W. Guadagnini - Catalogo Slittamenti, Ed. Danilo Montanari Ravenna-1996

SLITTAMENTI, per Mirella Saluzzo

di Walter Guadagnini


Catalogo mostra spazio espositivo Santa Maria delle Croci - Ravenna

Edizioni Danilo Montanari, 1996


Il foglio d’alluminio come foglio di carta, da piegare modellare dipingere. Estensioni nello spazio d’un pensiero non tanto geometrico, come l’apparenza prima può far immaginare, ma anelante a una totalità di sensazioni che nella geometria può trovare una sua momentanea evidenza formale. D’altra parte, con dipinti e titoli rimandanti a un universo di lirica espansività, s’era presentata alla scena artistica una decina d’anni orsono Mirella Saluzzo. E a una pittura, seppure rigiocata in chiave di reinvenzione tecnica, prima ancora che d’immagine, sembra ancora tornare oggi, come a dimostrare per vie traverse la propria allergia a un preventivo e ormai liturgico codice disciplinare.

Pure, nella vicenda recente della scultura - del suo farsi spazio dei luoghi – s' insediano queste forme; nella vicenda che, nel corso dei Sessanta, ha vissuto una stagione importante (e mai sufficientemente valutata in Italia, come dimostrano i destini mondanamente marginali di Magnoni, Lorenzetti, Icaro, Legnaghi, per non nominare che i maggiori), di riflessione non episodica sia sui portati delle avanguardie storiche che sulle “nuove” concezioni spaziali emerse tra Stati Uniti e Gran Bretagna al declinare degli anni Cinquanta. Una vicenda che, al di là delle nominazioni, ha inteso la struttura dell’opera come campo del possibile: aliena dalla riduzione azzeratrice del minimalismo e disposta invece a compromettersi ancora con un’intelligenza affettiva della forma e della stessa materia, oltre che, ovviamente, dello spazio.

A quella stagione guardano oggi, passate attraverso il fuoco dell’espressività più immediata del decennio appena trascorso, le forme di Mirella Saluzzo.

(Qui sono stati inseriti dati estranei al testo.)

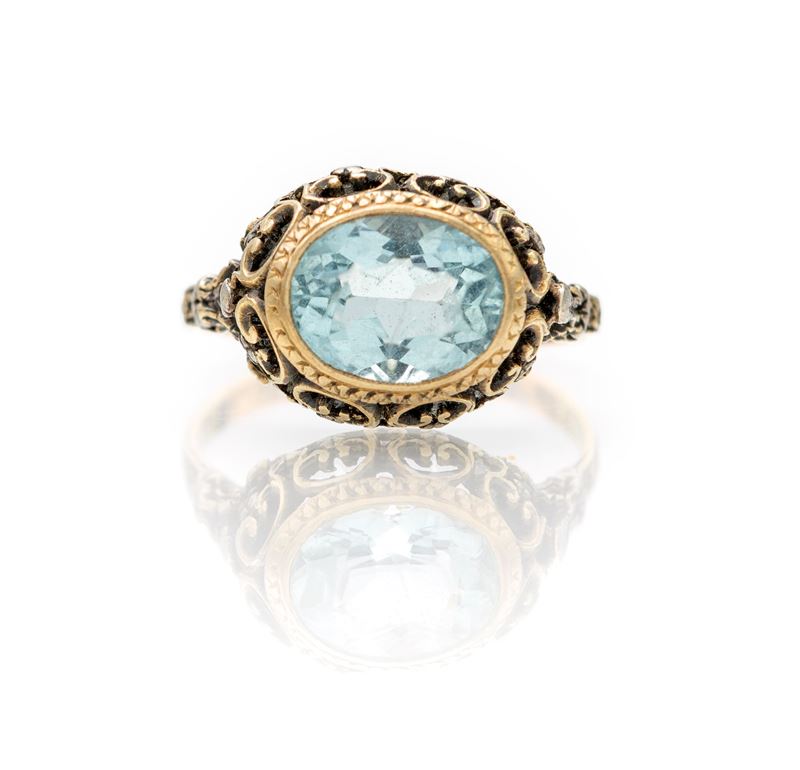 Anello antico in oro giallo 750/000, argento e acquamarina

Che non occupano lo spazio, né si limitano a definirlo intellettualmente; ma, fisicamente, lo percorrono, lo attraversano, vi si sviluppano dentro, come il fluire dell’acqua nel greto del fiume. Cogliendo, dello spazio, i bagliori, riflettendoli o impossessandosene, in un dialogo con l’esterno tanto più intenso quanto più la luce prende parte al gioco della forma. La luce è infatti parte fondamentale dell’opera, poiché contribuisce ad accentuarne il carattere di instabilità, di inesausta modificazione percettiva e, insieme, ne rivela il palpito nascosto, il misterioso scivolare in una terra dove il dubbio sentimentale conta più della certezza razionale. Di tali slittamenti - appena accennati, velati dalla sapienza costruttiva con cui le forme s' impongono all’occhio – di tali slittamenti, si diceva, vivono le sculture di Mirella Saluzzo: i piani inclinati, la dialettica costante tra verticale e orizzontale, il gioco delle ombre (e, per tornare a qualche anno addietro, l’esplicita commistione tra natura e artificio), non solo dicono d’un rigore ideativo che poco lascia al caso, o al titanico gesto scultoreo, ma suggeriscono anche una lettura dubitativa, una voluta remise en question dei dati canonici del fare scultura contemporaneo. Come se, in sostanza, Saluzzo aderisse a una grammatica storica della scultura ma la trasformasse poi in una lingua diversa attraverso gli interventi d’una profonda sensibilità che altro non si saprebbe definire se non pittorica.

Il suo stesso far grande, d’altra parte, appartiene ad una fisiologia interna del gesto, non alla sua esibizione o ad un rapporto agonistico con la materia. La stessa mano si muove sulle piccole superfici di fogli appena segnati, che divengono poi un’unica grande composizione.

È l’occhio a chiedere spazio, e libertà di vagare, e non il braccio. Tanto da misurarsi, infine, con una grande superficie d’alluminio, dove tutto giunge a improvvisa sintesi. La volontà della forma di farsi spazio, anche sfidando le due dimensioni, fino a trasformarsi in porzione di cosmo in movimento; la ricerca di una materia che sappia farsi carico di questo anelito, che lo sappia per la sua stessa natura evocare, rendere inconsciamente immagine; la capacità del gesto di nascondersi tra le forme, di rendere visibile senza essere visto.

Essere forma in assenza di gravità, e particolare d’una più vasta totalità: questo, oggi, l’agire di Mirella Saluzzo, queste le misure del suo spazio.